Fine semolina /white chiroti rava - 1/2 cup

Grated fresh coconut - 1/2 cup

Jaggery - 3/4 cup

(add 1/2 cup if your jaggery is very sweet)

Cardamom - 3

Cloves - 3

Water - 2 & 1/4 cups

Ghee - 1 tbsp

images of Rava Halbai Recipe / Rava Halubai / Semolina Halbai / Chiroti Rava Halbai / Halubai Recipe - Udupi Recipes
Rava Halubai
Method

Dissolve jaggery in 1/4 cup of water filter to remove impurities.

Soak rava in 1 cup of water for 1 hour. Take a mixi jar add the soak rava along with the water , grated coconut, cardamom and cloves.

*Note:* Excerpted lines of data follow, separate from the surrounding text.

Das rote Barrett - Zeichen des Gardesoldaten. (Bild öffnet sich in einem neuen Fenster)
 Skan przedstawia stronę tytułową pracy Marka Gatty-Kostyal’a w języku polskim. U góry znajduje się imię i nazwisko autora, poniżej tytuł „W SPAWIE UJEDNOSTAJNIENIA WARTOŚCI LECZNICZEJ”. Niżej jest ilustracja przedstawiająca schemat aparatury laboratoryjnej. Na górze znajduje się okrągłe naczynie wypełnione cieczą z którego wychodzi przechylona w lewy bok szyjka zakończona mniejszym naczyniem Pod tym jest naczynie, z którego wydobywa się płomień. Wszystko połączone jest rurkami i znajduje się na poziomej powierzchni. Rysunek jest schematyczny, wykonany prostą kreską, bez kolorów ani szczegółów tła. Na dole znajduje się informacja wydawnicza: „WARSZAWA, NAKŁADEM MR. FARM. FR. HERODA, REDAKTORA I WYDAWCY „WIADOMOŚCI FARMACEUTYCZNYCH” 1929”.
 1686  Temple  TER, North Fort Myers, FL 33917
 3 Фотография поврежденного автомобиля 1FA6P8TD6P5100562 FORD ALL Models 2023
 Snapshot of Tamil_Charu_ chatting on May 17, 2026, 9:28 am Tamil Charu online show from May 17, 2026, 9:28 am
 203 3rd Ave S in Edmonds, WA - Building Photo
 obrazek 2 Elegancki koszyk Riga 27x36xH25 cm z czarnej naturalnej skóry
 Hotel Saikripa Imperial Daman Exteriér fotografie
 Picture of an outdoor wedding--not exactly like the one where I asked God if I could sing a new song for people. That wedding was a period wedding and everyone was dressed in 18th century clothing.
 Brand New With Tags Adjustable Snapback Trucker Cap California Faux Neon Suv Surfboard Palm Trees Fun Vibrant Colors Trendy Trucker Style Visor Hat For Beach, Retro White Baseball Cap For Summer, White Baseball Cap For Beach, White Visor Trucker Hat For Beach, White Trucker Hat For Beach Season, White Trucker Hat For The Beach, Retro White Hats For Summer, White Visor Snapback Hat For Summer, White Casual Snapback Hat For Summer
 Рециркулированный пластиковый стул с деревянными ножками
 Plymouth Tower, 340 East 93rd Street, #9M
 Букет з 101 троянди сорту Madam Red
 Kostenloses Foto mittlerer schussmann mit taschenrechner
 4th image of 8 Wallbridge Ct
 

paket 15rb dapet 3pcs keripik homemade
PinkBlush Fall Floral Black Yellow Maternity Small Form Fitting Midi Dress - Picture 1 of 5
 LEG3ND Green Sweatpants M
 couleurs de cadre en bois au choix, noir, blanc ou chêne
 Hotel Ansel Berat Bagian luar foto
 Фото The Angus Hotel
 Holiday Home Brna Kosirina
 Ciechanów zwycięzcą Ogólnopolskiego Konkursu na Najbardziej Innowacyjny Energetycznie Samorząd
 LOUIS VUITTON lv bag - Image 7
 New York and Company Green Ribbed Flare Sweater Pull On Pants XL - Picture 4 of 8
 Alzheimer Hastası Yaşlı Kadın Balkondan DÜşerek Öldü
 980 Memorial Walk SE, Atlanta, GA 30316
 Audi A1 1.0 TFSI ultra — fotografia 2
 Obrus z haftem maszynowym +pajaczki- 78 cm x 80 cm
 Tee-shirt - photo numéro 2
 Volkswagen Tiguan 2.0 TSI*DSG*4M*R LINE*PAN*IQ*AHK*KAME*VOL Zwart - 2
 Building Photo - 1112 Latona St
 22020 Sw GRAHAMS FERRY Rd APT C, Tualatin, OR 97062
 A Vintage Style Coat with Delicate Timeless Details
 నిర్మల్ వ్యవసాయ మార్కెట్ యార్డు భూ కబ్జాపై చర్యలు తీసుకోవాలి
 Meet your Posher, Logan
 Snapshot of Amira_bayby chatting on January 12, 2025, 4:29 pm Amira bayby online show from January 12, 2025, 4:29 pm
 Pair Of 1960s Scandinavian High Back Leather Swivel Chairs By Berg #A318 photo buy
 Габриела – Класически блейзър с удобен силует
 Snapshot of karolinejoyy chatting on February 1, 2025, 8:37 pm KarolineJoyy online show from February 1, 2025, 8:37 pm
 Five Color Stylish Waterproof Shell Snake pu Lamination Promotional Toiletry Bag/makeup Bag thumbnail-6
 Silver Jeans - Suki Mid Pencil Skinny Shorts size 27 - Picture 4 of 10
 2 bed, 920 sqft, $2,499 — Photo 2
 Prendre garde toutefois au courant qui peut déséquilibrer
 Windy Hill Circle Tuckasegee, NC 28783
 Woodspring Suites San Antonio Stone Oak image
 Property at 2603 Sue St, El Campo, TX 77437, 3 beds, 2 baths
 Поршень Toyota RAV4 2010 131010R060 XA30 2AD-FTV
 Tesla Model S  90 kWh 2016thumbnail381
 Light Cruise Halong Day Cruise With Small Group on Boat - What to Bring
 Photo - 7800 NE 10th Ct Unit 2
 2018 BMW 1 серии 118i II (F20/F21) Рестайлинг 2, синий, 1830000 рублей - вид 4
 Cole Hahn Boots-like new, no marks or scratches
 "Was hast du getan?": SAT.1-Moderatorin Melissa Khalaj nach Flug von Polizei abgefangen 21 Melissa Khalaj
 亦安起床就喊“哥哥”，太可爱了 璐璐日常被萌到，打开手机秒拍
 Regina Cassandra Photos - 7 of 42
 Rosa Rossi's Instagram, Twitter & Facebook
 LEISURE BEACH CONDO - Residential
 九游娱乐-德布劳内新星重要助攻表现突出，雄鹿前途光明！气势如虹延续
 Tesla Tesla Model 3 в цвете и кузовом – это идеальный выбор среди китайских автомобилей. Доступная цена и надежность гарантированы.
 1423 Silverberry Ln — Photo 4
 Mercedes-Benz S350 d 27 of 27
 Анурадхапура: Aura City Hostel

Grind this to a very smooth mixture.

Transfer the ground mixture into a heavy bottomed kadai add the remaining 1 & 1/4 cups of water and add the filtered jaggery, mix and then switch on the stove.

In medium low flame keep stirring till the mixture starts to thicken.

Continues stirring is a must in this recipe otherwise they will burn at the bottom or form lumps.

When its almost thick add the ghee and keep stirring till the mixtures leaves the sides of the pan.

Take a small portion of the mixture ( be careful it will be very hot) if the mixture is not sticky and rolls into a soft  ball then switch off the stove.

Pour the mixture into a greased tray and spread it evenly ,let it cool completely.

Cut into desired shape and enjoy!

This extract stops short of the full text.